Welcome to Projectiles: Mastering 2D Motion!
Hello! Projectiles might sound complicated, but it's just a fantastic application of the straight-line motion you learned in M1, now applied in two directions at once.
In this chapter, you will learn how to analyze the path of any object launched into the air—whether it's a football, a cannonball, or just a stone thrown from a cliff. It's the physics behind everything from throwing a basketball to sending a rocket!
What is a Projectile?
A Projectile is any object that is given an initial velocity and then moves only under the influence of gravity.
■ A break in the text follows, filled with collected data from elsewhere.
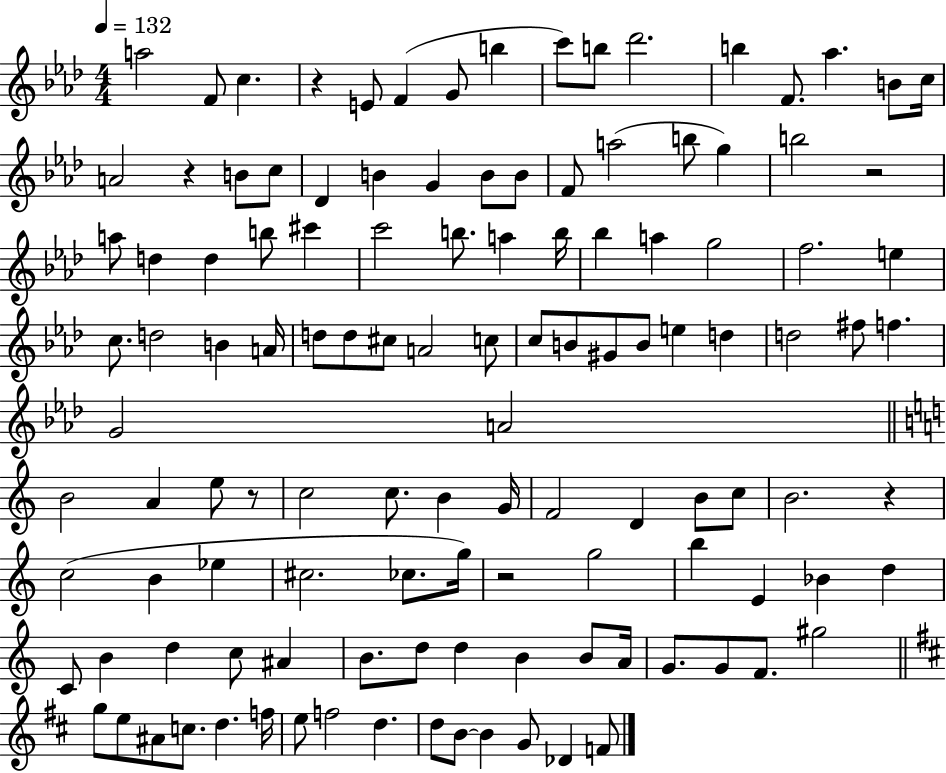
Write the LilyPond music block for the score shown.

{
  \clef treble
  \numericTimeSignature
  \time 4/4
  \key aes \major
  \tempo 4 = 132
  a''2 f'8 c''4. | r4 e'8 f'4( g'8 b''4 | c'''8) b''8 des'''2. | b''4 f'8. aes''4. b'8 c''16 | \break a'2 r4 b'8 c''8 | des'4 b'4 g'4 b'8 b'8 | f'8 a''2( b''8 g''4) | b''2 r2 | \break a''8 d''4 d''4 b''8 cis'''4 | c'''2 b''8. a''4 b''16 | bes''4 a''4 g''2 | f''2. e''4 | \break c''8. d''2 b'4 a'16 | d''8 d''8 cis''8 a'2 c''8 | c''8 b'8 gis'8 b'8 e''4 d''4 | d''2 fis''8 f''4. | \break g'2 a'2 | \bar "||" \break \key c \major b'2 a'4 e''8 r8 | c''2 c''8. b'4 g'16 | f'2 d'4 b'8 c''8 | b'2. r4 | \break c''2( b'4 ees''4 | cis''2. ces''8. g''16) | r2 g''2 | b''4 e'4 bes'4 d''4 | \break c'8 b'4 d''4 c''8 ais'4 | b'8. d''8 d''4 b'4 b'8 a'16 | g'8. g'8 f'8. gis''2 | \bar "||" \break \key b \minor g''8 e''8 ais'8 c''8. d''4. f''16 | e''8 f''2 d''4. | d''8 b'8~~ b'4 g'8 des'4 f'8 | \bar "|."
}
Section 1: The Essential Assumptions (The Rules of the Game)
Before we start calculating, we must define the simplified environment we are working in. These assumptions are critical and often form part of exam questions.
1.1 Modelling Assumptions
When dealing with standard projectile motion problems in this course, we always make the following assumptions:
- The object is a particle: This means we ignore its size, shape, and rotational effects.
- Air Resistance is ignored: We assume the air has no effect on the particle's motion (a major simplification!).
- Gravity is constant: The acceleration due to gravity, \(g\), is constant throughout the motion (usually taken as \(g = 9.8 \text{ ms}^{-2}\)).
- Earth is flat: We assume motion occurs over a small enough distance that the Earth's curvature can be ignored, meaning \(g\) always acts vertically downwards.
Quick Review Box: Why Assumptions Matter
These assumptions allow us to treat the motion as having constant acceleration (\(g\) vertically) and zero acceleration (horizontally), which means we can use our reliable SUVAT equations!
Section 2: Separating the Motion (Horizontal vs. Vertical)
This is the single most important technique in solving projectile problems. We analyze the motion in the horizontal (x) direction and the vertical (y) direction completely independently.
2.1 Resolving Initial Velocity
Suppose a particle is launched from the origin with an initial speed \(V\) at an angle \(\alpha\) to the horizontal. We must first find the components of the initial velocity:
- Horizontal Component (\(u_x\)): \(u_x = V \cos \alpha\)
- Vertical Component (\(u_y\)): \(u_y = V \sin \alpha\)
2.2 The SUVAT Split
We now apply the SUVAT rules to each direction separately. Remember, time \(t\) is the only quantity common to both directions.
Horizontal Motion (X-Direction)
Since we ignore air resistance, there are no horizontal forces acting on the particle (Newton's First Law!).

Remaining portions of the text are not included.